What the exercise asks:
Each line below must be transcribed exactly, and no picture may appear in the transcription.

[Web page caption snippets]
● ● ● ● ●

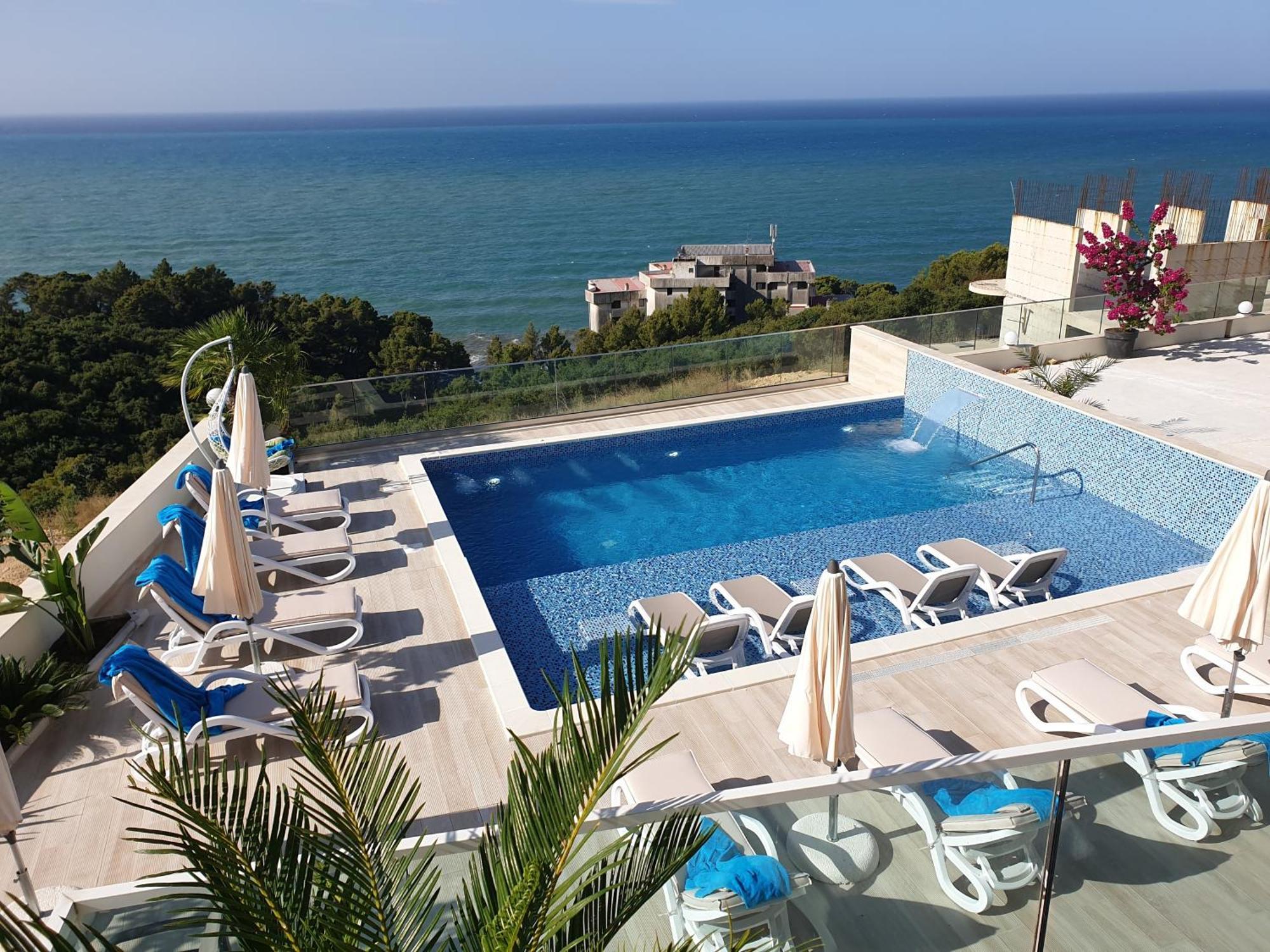 Apartments D'Hermes Ulcinj Luaran gambar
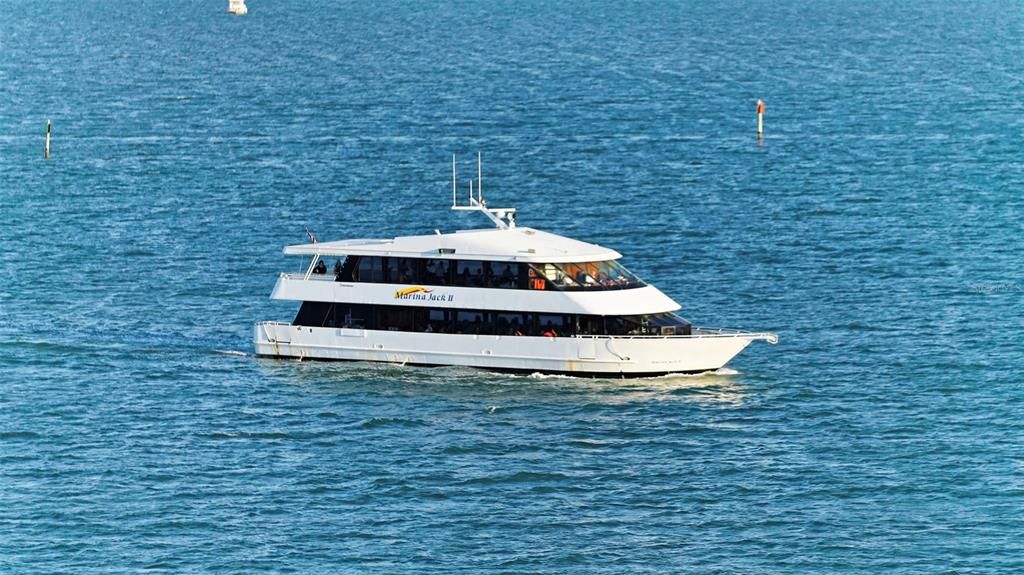 待售: $995,000 (2 贝兹, 2 浴室, 1408 平方英尺)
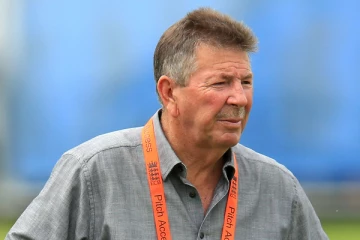 பிரபல முன்னாள் கிரிக்கெட் வீரர் காலமானார்..! ரசிகர்கள் இரங்கல்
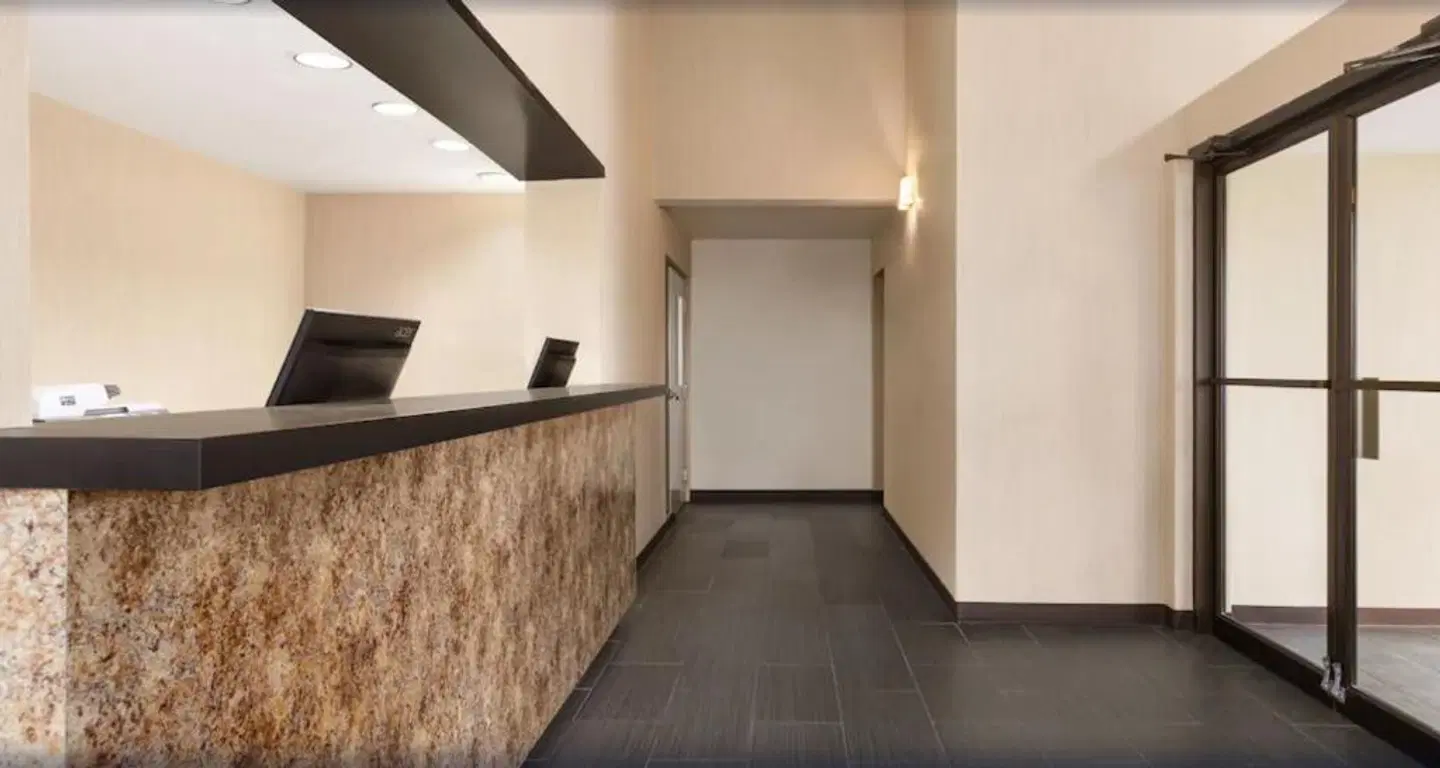 Days Inn by Wyndham Fallsview ROOM_EXAMPLE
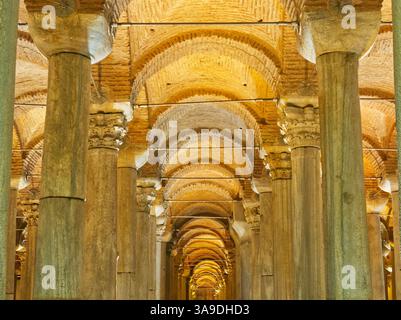 Istanbul, Turquie - 2 mai 2024 : vue intérieure de la citerne Basilique à Istanbul, montrant des rangées de colonnes et des plafonds voûtés Banque D'Images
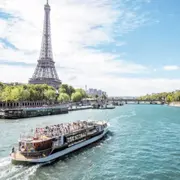 Croisière avec champagne sur la Seine par Les Vedettes de Paris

● ● ● ● ●

Result below:
 Apartments D'Hermes Ulcinj Luaran gambar
 待售: $995,000 (2 贝兹, 2 浴室, 1408 平方英尺)
 பிரபல முன்னாள் கிரிக்கெட் வீரர் காலமானார்..! ரசிகர்கள் இரங்கல்
 Days Inn by Wyndham Fallsview ROOM_EXAMPLE
 Istanbul, Turquie - 2 mai 2024 : vue intérieure de la citerne Basilique à Istanbul, montrant des rangées de colonnes et des plafonds voûtés Banque D'Images
 Croisière avec champagne sur la Seine par Les Vedettes de Paris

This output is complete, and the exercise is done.